Princeton, New Jersey, United States
Maintained and added new features to software tools that Bloomberg analysts use to write their news story commentaries. Built new tools to automate data collection for the analysts.
• Analysts use a Windows desktop tool to write their commentaries. I maintained this tool and added new features to it using C# and the .NET framework for the frontend and Python for the backend.
• Analysts use a Windows desktop tool to create their tables for their commentaries. Ported the backend service performing validation checks for these tables from Java to Python and made the code more maintainable and scalable by making it more modular and by using more appropriate data structures.
• Used an internal software framework, with coding in Python, to display commentary titles and links on online news pages. This increased customer traffic to the analysts online commentary pages.

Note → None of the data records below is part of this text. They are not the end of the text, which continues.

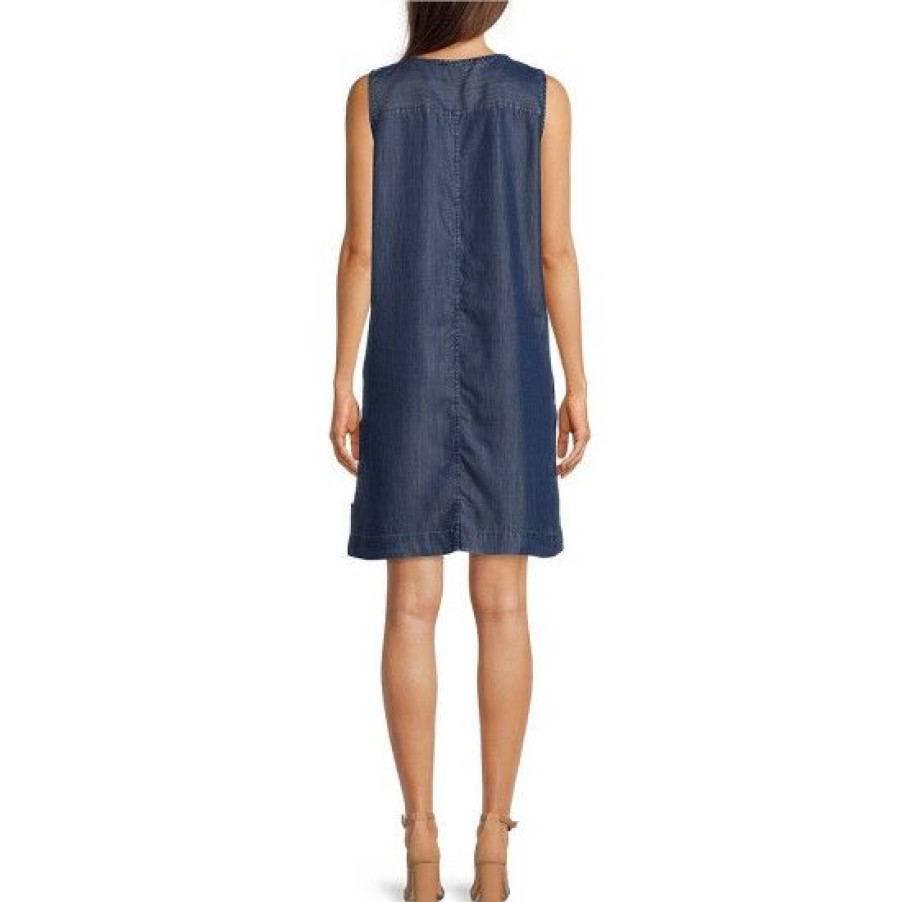 Women'S Clothing * | Top 10 Dkny Jeans Tencel Sleeveless Tie Round Neck Waistless Dress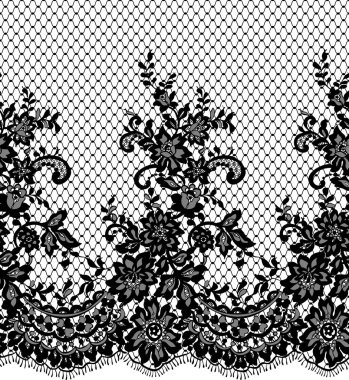Sorunsuz vektör siyah dantel modeli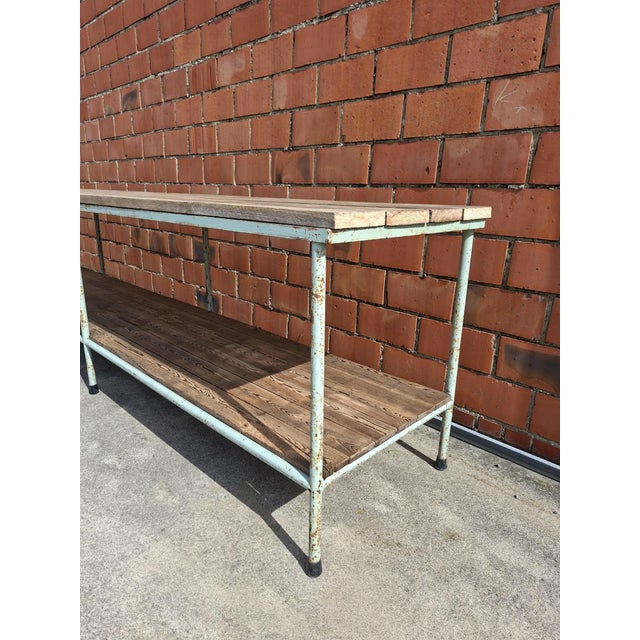Industrial Workbench in Metal and Wood For Sale - Image 5 of 11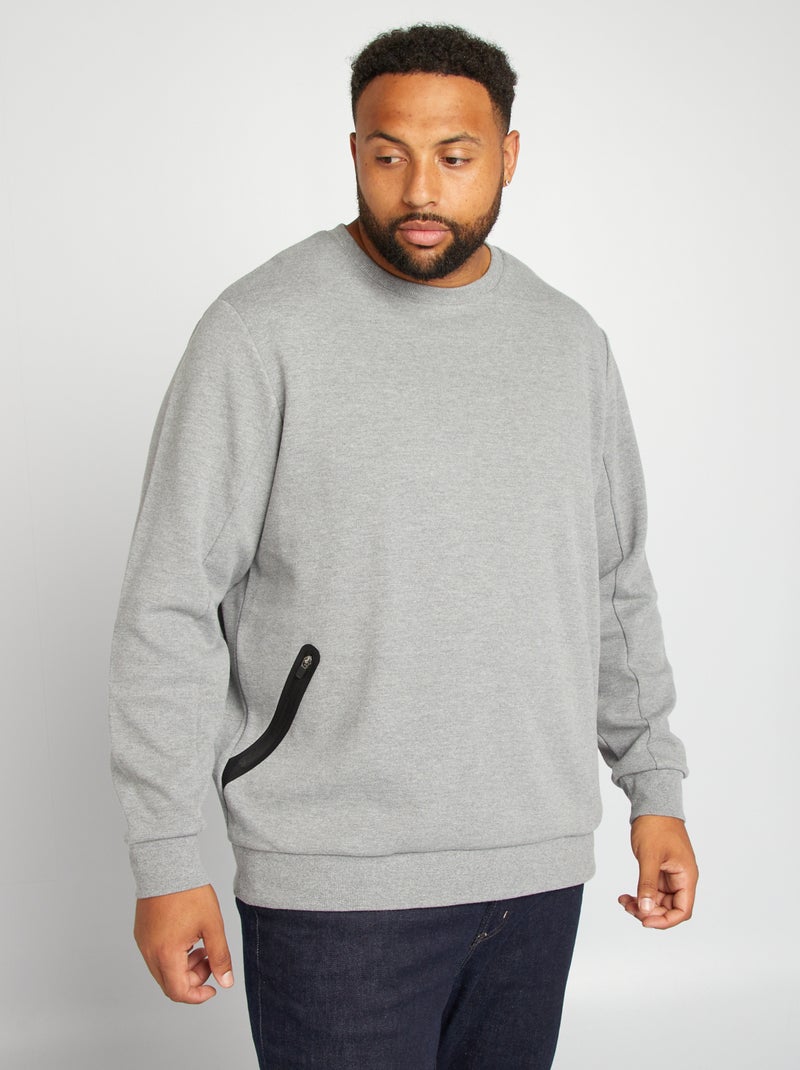 Sudadera lisa con bolsillos de cremallera GRIS - Kiabi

• For the auto-content processing pipeline, improved the maintainability and scalability by porting part of the backend processing algorithm to a new microservice. This enabled more instances of this processing code to run and improve overall throughput. I coded this in Python and used an internal tool that is similar to Apache Kafka for message queues.
• Analysts configured the auto-content processing pipeline with a Bloomberg terminal screen (which is akin to a browser based tool). I made feature modifications to this tool using Javascript in a Bloomberg frontend framework.
• Developed various Python tools to automatically gather data that analysts were collecting manually. I sourced the data from Oracle & PostgreSQL databases as well as GraphQL endpoints. Generated data would be saved on the internal cloud storage with email status updates about the automated jobs to the analysts.
• Developed a Python API endpoint to consolidate analyst personal data from different internal Bloomberg people information API endpoints and a PostgreSQL database.